If innovation is indeed imperative for the longer term existence of an organization, then isn't making space for it, nurturing it and in fact making it an organizational imperative a critical charge for organizational leaders? Looking beyond the daily transactions and quarterly results is where strategic thinking is called for. This kind of perspective will show that what is provided and what the market wants and needs today will change and the organization needs to be working to stay ahead of this change.

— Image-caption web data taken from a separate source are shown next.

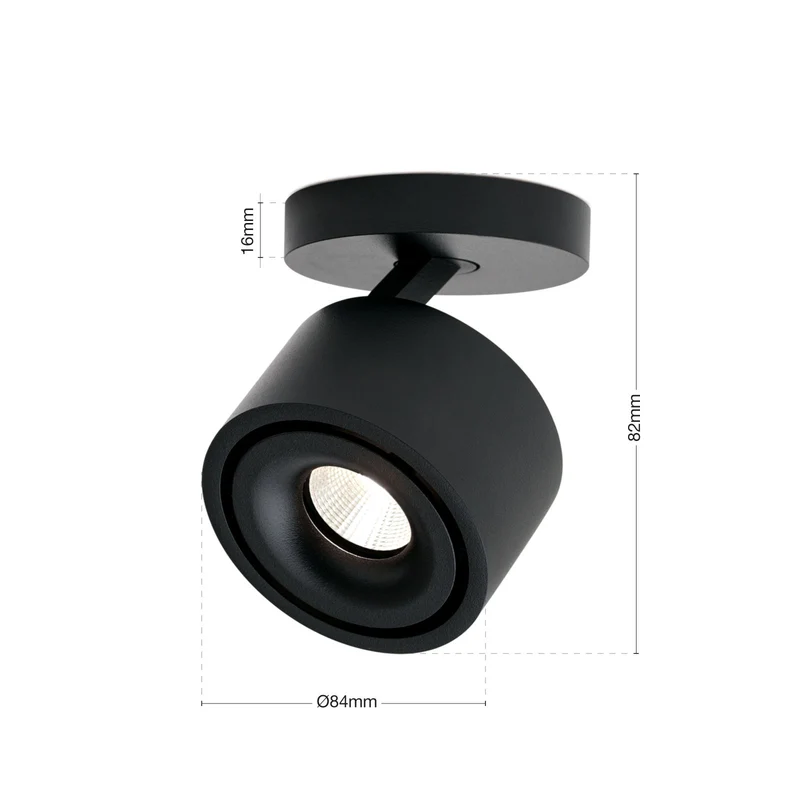 Deckenstrahler Specter 1-flammig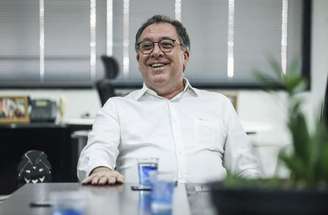 Presidente do Santos pede voto de confiança para torcida –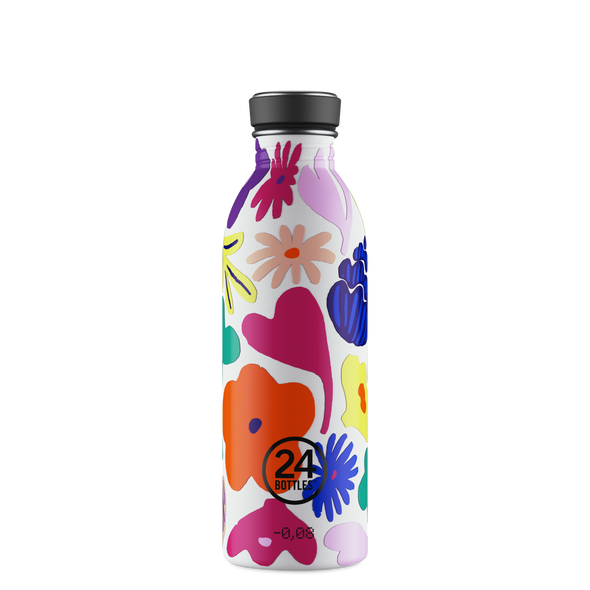 URBAN BOTTLE ACQUA FIORITA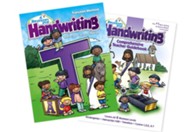 A Reason for Handwriting, Level T (Grades 2-3): Transition, Complete Homeschool Set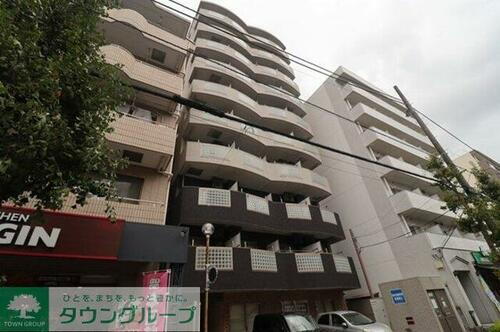 千葉県松戸市西馬橋蔵元町 賃貸マンション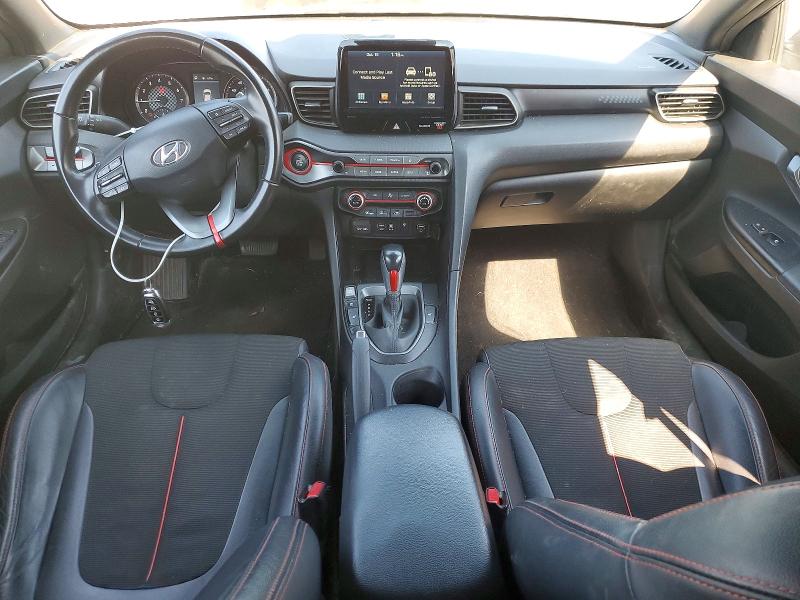 Photo 8 from auction – 2020 HYUNDAI VELOSTER with VIN KMHTG6AFXLU021025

It's the 100th anniversary of IBM, a company that at times in its long life has had to innovate in fundamental ways to keep prospering and, indeed, to not fail. It takes an extremely gutsy leader such as Thomas Watson Jr. to do what he did at IBM in the early 1960s: He announce that the entire uncoordinated product line of computers, the company's lifeblood, was being retired immediately and that a comprehensive, scalable new line, System 360, would be created on a strict time line. He could see that without urgent product innovation others would leapfrog IBM. The company took a huge gamble costing about $5 billion (more than $30 billion in today's dollars), at the time only second in size to NASA's project to reach the moon. It hired 60,000 new employees.
Watson's mandated innovation worked. IBM’s share of the computer market nearly tripled to well over 75% and company revenue jumped from $3.2 billion the year System 360 was introduced to $7.5 billion in 1970.
Thomas Watson Jr's bet on System 360 is perhaps the ultimate in an established organization giving space to innovation. But there is a big lesson to learn from introducing the organizational equivalent of the panic that would arise from driving at high speed toward the cliff edge. It galvanizes focused action, that's for sure!
Perhaps in our bureaucratic, slow-to-move organizations, introducing this kind of sheer terror moment is needed to get off the dime.